It goes on to state that despite best planning, much of the time miners will have to continue embracing uncertainty, essentially planning for the worst but hoping for the best.
“Given mounting levels of volatility and change, miners need to take a broader view of risk management and scenario analysis,” Deloitte Southern Africa mining leader John Woods said.
“This includes taking a much greater range of variables into account to inform their decision making,” he said.
There are four major international areas that Australian miners are looking to for growth opportunities and future development: Asia, Africa, South America, and Eastern Europe/CIS.
In our own backyard
Despite the mining boom coming off the boil and Chinese demand waning as its rampant growth levels off, Asia is still the major market for Australian resources ranging from iron ore and coal through to rare earth minerals, but the money that once drove it is no longer available.
According to Deloitte: “Chinese investment, which has long fuelled the resources sector, appears to be dwindling.”
“At the same time slowdowns in industrial production, fixed asset investments and retail sales are already threatening China’s 7.5 per cent GDP growth target, contributing to ongoing commodity price weakness.”
Much of this is driven by the nation’s shift from a ramp-up building phase into one of consumption, according to BHP CEO Andrew Mackenzie.
“We see a Chinese economy gradually shifting from construction to consumption,” he said
“We imagine we will continue to creep our exports of steelmaking materials like metallurgical coal and iron ore, but we’re much more likely to make major investments in what we feel are the next phase of China’s growth in energy and in food.
However he added that "China's urbanisation [still] has a long way to run," and the demand will still be there, albeit reduced.
But it is not just Australia that is feeling the pain.
“Failure of roughly 80 per cent of China’s overseas mining deals has seen the country pull back on resource investments in countries throughout Africa, South America, and the Middle East.”
And China’s push to be more environmentally sustainable, and tackle its massive pollution problem, will potentially hurt coal miners’ bottom lines.
Last month Chinese president Xi Jinping, as part of China’s National People’s Congress, outlined a plan to reduce thermal coal consumption by 160 million tonnes over the next five years.
China’s ongoing pollution and smog issues were the main focus of the NPC, with Xi Jinping stating that the government will be increasing focus on the nation’s environmental standards and regulations.
“We are going to punish, with an iron hand, any violators who destroy ecology or the environment,” Xi stated.
However according to the Minerals Council of Australia (MCA) these new stances are being interpreted incorrectly.
“China’s evolving environmental policies are being confused with a policy shift away from coal,” the MCA stated.
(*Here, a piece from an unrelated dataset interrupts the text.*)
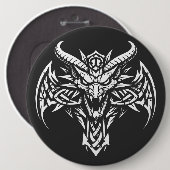Tribal-Dämonenkopf-Grafik von BurnsInHell Button (Vorne & Hinten)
“Coal currently accounts for 80 per cent of China’s electricity output and all leading energy forecasting agencies analysts agree that ongoing industrialisation and urbanisation will drive robust coal demand for decades to come.”
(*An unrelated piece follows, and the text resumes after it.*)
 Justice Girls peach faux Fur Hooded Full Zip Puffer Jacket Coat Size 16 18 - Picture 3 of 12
The International Energy Agency expects that coal will continue to dominate China’s energy mix to 2035, and that “China continues to import substantial amounts of coal, remaining a strong force in global coal markets”.
However this is likely to be further hampered by additional environmentally focused moves, with the country introducing import restrictions on ‘dirty’ coal.
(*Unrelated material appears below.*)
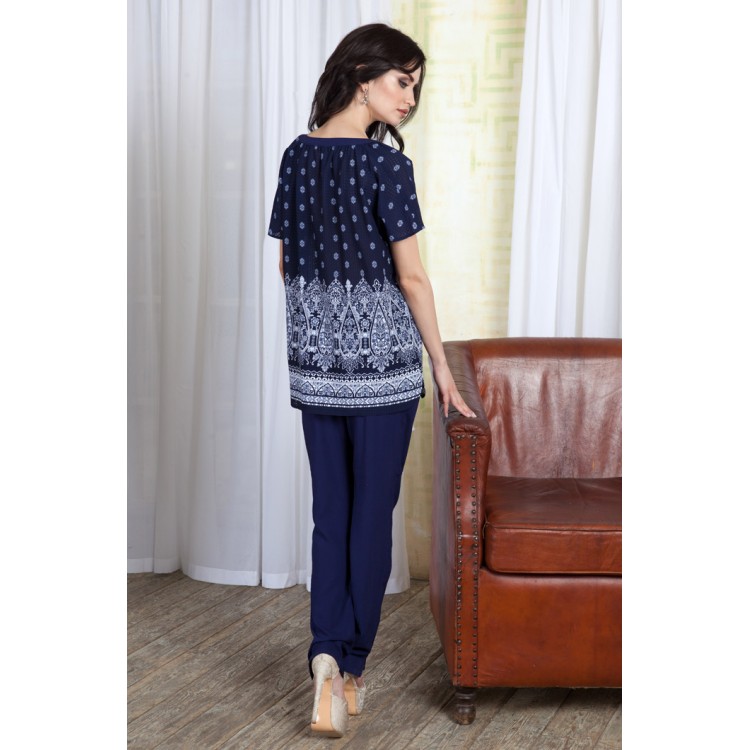 Синяя женская пижама с брюками 16216-blue, Mia-Mia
Last year the Chinese Government announced a tightening of the quality of its coal imports.
China’s National Development and Reform Commission issued new proposed guidelines dealing with import restrictions at different coal quality threshold levels.
This move was first telegraphed in 2013, after China’s National Energy Administration drafted regulations to ban the import and domestic delivery of poor quality thermal coal to help curb its rampant pollution levels.
Under the initial drafts the regulations would ban coal with a net calorific value of 4540 kilocalories per kilogram or less, which would favour Australian coal at the expense of our main coal competitor Indonesia.
The government looked to limit the use of imported coal with more than 40 per cent ash and three per cent sulphur in from the start of next year.
Sources close to the matter also told Australian Mining that the quality restrictions were to be brought in for domestic suppliers as well.
On top of the quality thresholds there is also mention of slashing coal imports themselves by around 50 million tonnes over the coming year.
However these tariffs aren’t likely to affect Australian suppliers due to a Free Trade Agreement signed late last year.
Yet despite its slowing growth profile, China is still expected to become the world’s largest economy by 2025, according to Deloitte.
Bringing India under the umbrella of wider Asia, it may be financial salve for many coal miners who are feeling the double sting of lowered prices and lowered demand coupled with a market oversupply.
“Following a rocky year, India’s economy is finally stabilising; growth forecasts are up to 5.5 per cent from 2015, and as much as 6.5 per cent from 2015 through to 2018,” Deloitte stated.
In fact recent growth statistics pegged India as overtaking China for growth in the third and fourth quarters of last year, with the Indian Ministry of Statistics pointing to a growth of 7.5 per cent in GDP for 2014.
Although its GINI coefficient (a World Bank measurement of a nation’s rich-poor gap) has not been improving as rapidly, staying essentially flat.
However, India is still set to be a major consumer of Australia’s energy resources as the country increases the spread of its rapid industrialisation and rising middle class.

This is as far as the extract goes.